Lam said that his own firm enters the equation when a bank is admittedly “not an expert on [who] is selling pirated goods [such as software or bags]. “Our role is to build in all these machine learning models to detect the anomalies in pricing” and, at the same time, assume the risk that may be tied to taking on these merchants. Jewel Paymentech, he explained, pulls data from unstructured sources and from social media to predict when a merchant-centered issue may arise (for example, internet chatter might alert Jewel to counterfeit activity).

Data Point Three: Four

This is the number of channels that Lam and his firm maintain that acquirers must offer their customers — and handle with aplomb — to stay profitable. Those channels include physical point of sale, eCommerce, mobile and QR codes. Of the first three, said Lam, “they are the ones that everybody knows.” As for the last one, QR, he said that it is quickly and widely expanding in Asia, where movement has been well beyond its humble beginnings as a “cheap form of mobile payments.”

Instead of issuing a card, he stated, everybody already has a mobile phone in China, and the phone can be used at the point of acceptance. Noting the emergence of Alipay and Tencent in China, Lam said that, for example, the 450 million users of Alipay dictate that across Asia, “you need to accept the QR payments,” especially among tourists. “The merchants are going to demand that they be able to accept all forms of payments,” he told Webster.

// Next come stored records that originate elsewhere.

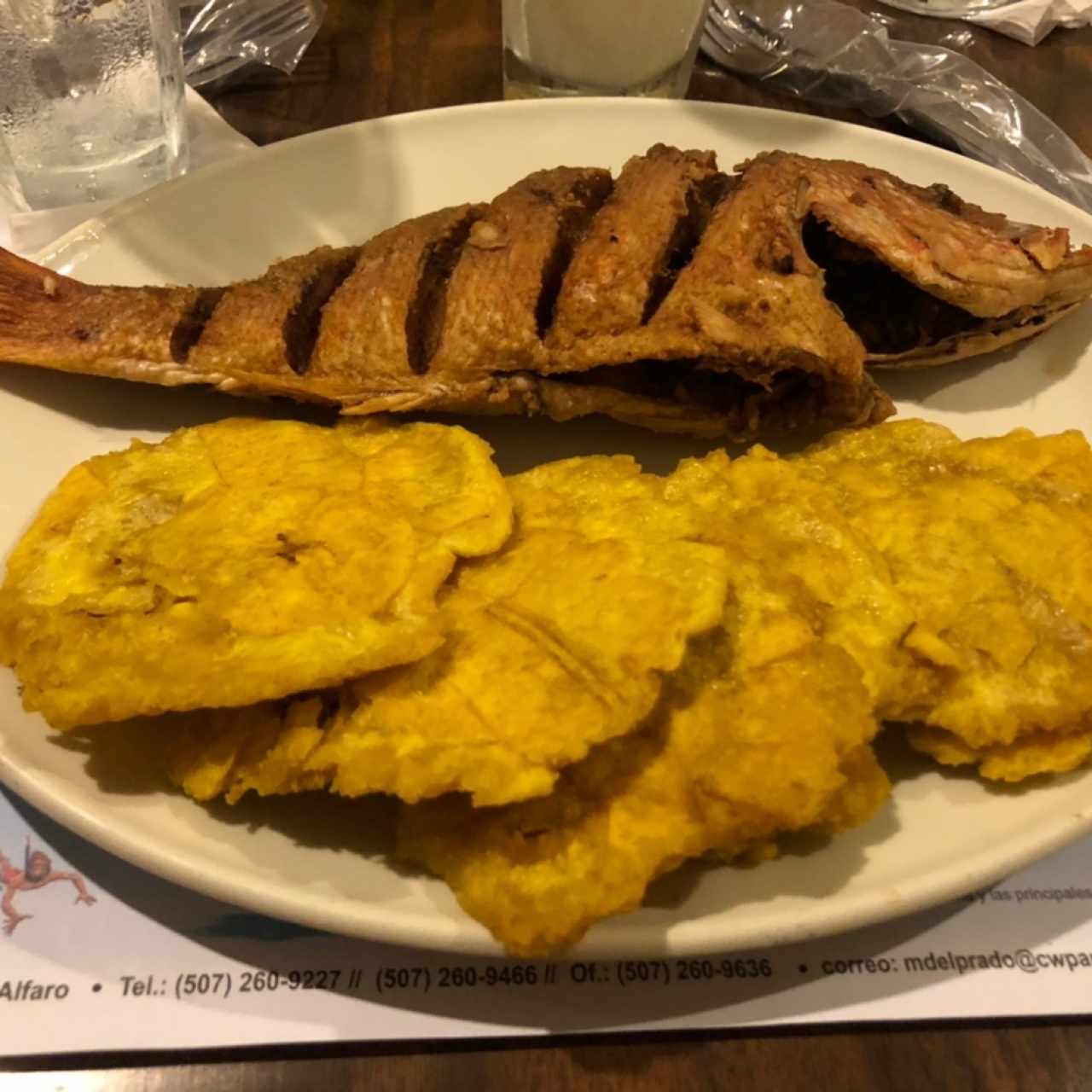 pargo frito con patacones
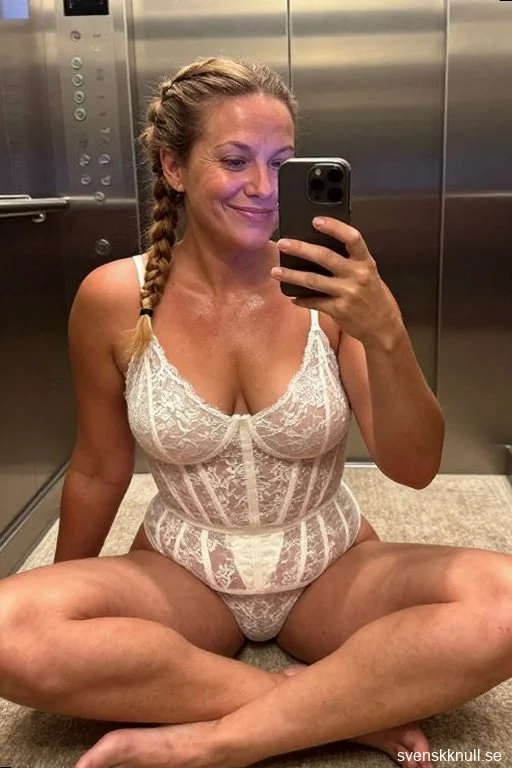 Lina47Handen23, 47 ans à Handen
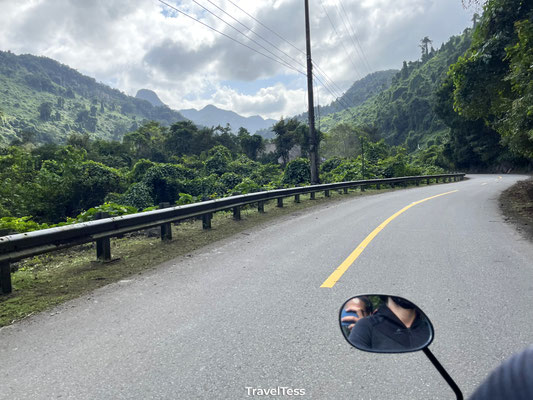 Scooter rijden naar Phong Nha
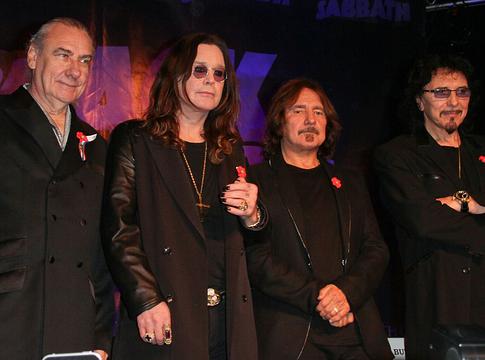 LEGO-figurákkal ünneplik a Black Sabbath búcsúkoncertjét Birminghamben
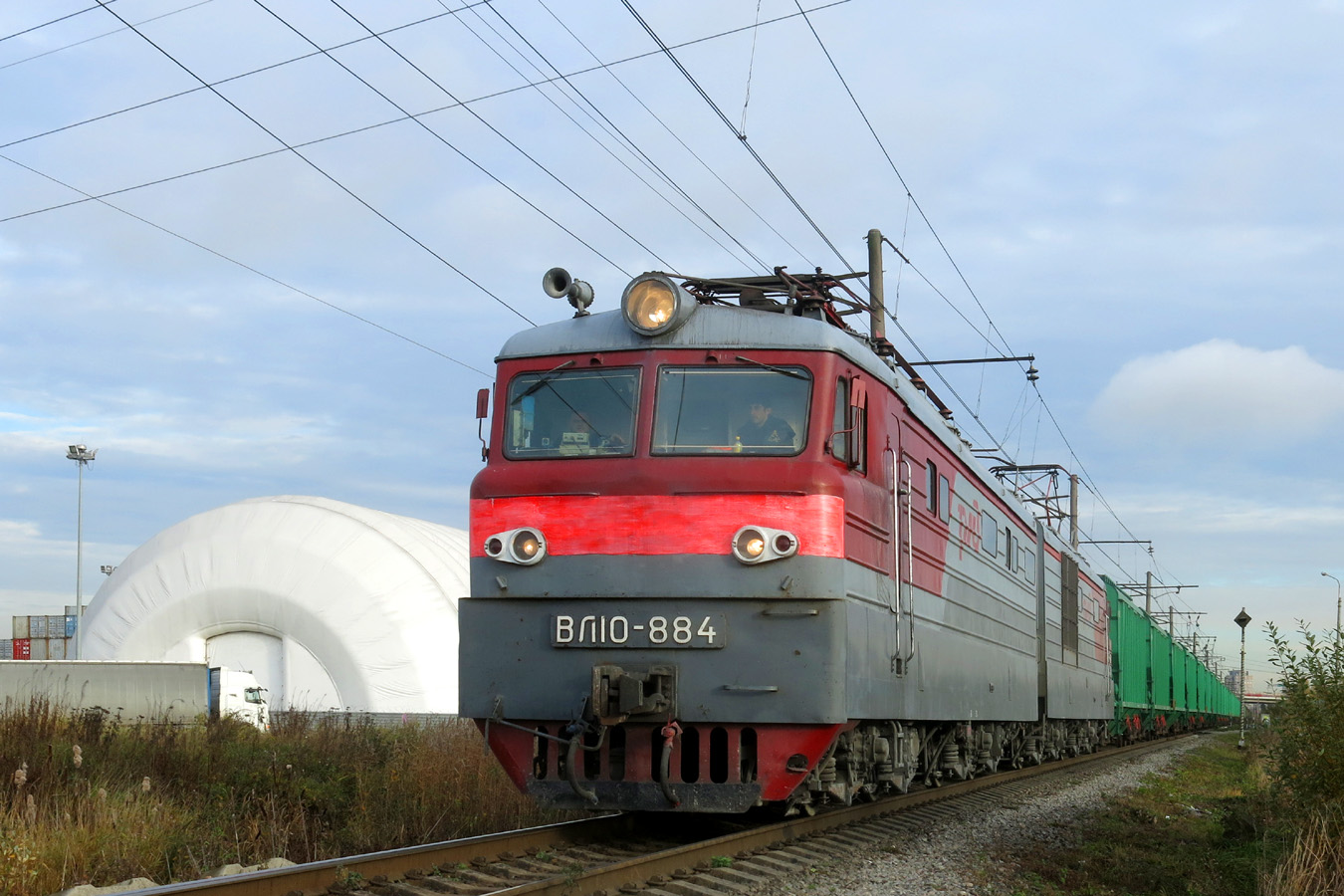 ВЛ10-884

Against this demand, said Lam, terminal vendors have begun to see a dramatic slowdown, except for parts of South Asia where the regulators have mandated a move from chip-based cards to chip and PIN-based activity. The terminal manufacturers are bringing out terminals that have “better displays” and are now able to display QR codes, he said — and these merchants and manufacturers are acknowledging that they must evolve too, though “it is too soon to see” how it is all going to pan out.

But, one thing’s for sure — if QR code-based payments haven’t already eclipsed contactless in Asia, they will very soon.